Șerban Savu développe une esthétique de ruine contemporaine, une fois l’utopie partie. Le peintre se réfère aussi volontiers dans son discours à Ionesco. Dans une seconde lecture, il critique la passivité et le manque de réaction de ses congénères, semblant toujours dans l’attente. Pour rendre palpable cette atmosphère, il élimine les détails et s’inspire de la lumière spécifique de son atelier.
Contexte sociologique et moment de l’histoire
La peinture de Șerban Savu décrit un contexte sociologique et un moment de l’histoire. C’est pourquoi elle pourrait passer pour descriptive.

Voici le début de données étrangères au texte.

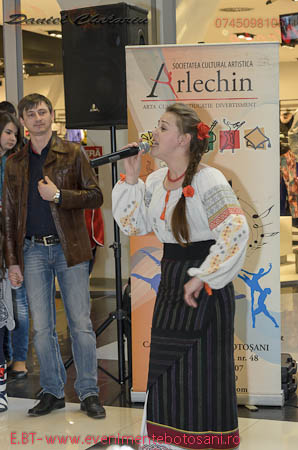 Carnaval Arlechin - Botosani Shopping Center 1.1-7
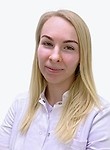 Переплётчикова Анастасия Алексеевна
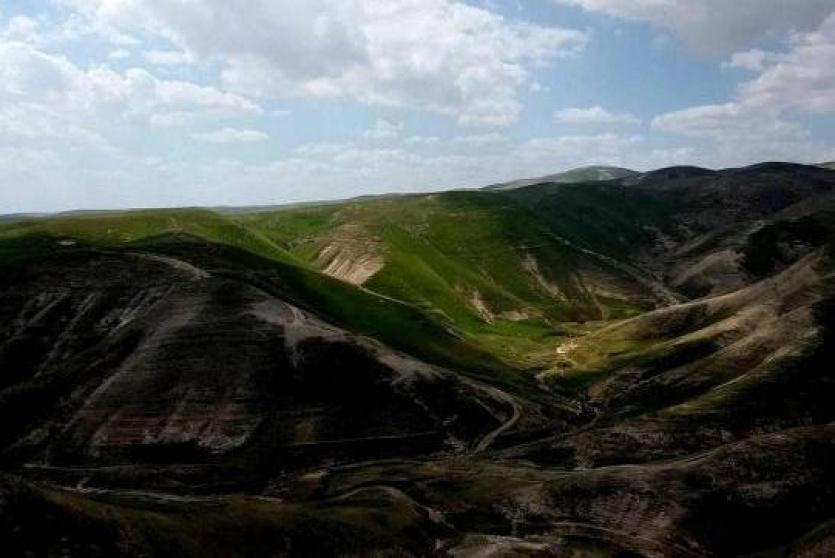 اجواء ربيعية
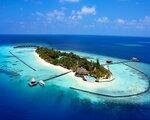 Komandoo Island Resort & Spa, Maldivi - namestitev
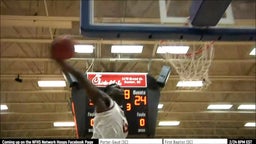 HIGHLIGHTS: Zion Williamson THROWS DOWN monster dunks, scores 37 in 2A state championship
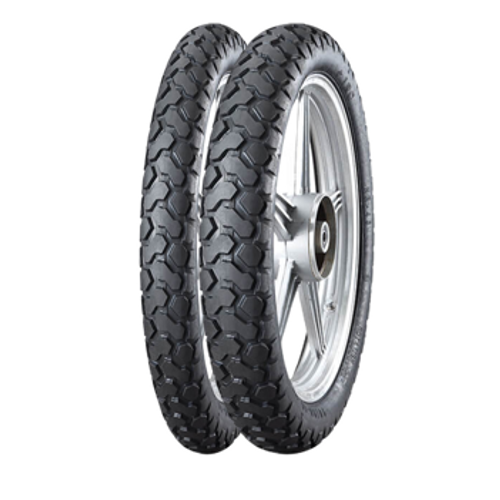 Anlas NR48 RKS 125 R 2.75-18 ve 90/90-18 Motosiklet Ön-Arka Takım Lastiği - KolayOto
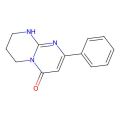 2-phenyl-6,7,8,9-tetrahydro-4H-pyrimido[1,2-a]pyrimidin-4-one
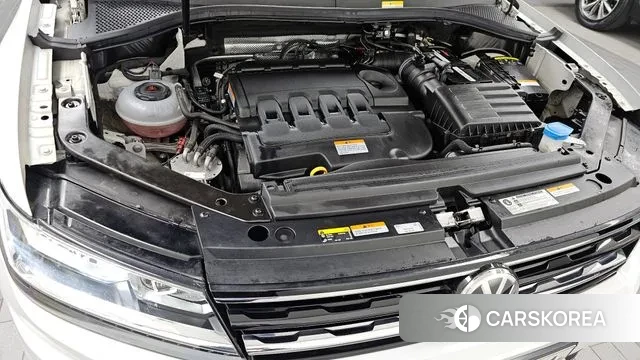 Volkswagen Tiguan second Generation id 3380017 из Кореи 16
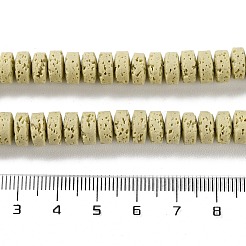 Нити синтетических бусин G-H311-09-05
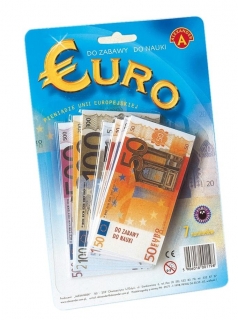 Alexander Euro bankovky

Pourtant si la manière évoque le réalisme socialiste par ses personnages simplifiés et “cubo-naïfs”, on ne peut se départir d’un puissant sentiment d’irréalité devant les scènes nimbées d’une lumière iridescente que le peintre donne à chacune de ses toiles.
Ses œuvres évoquent à la fois les toiles des Impressionnistes, mais font également écho aux œuvres de Jean-François Millet, Pieter Bruegel ou Edward Hopper, dans cette faculté à capturer un moment singulier, à suspendre le temps pour un court instant.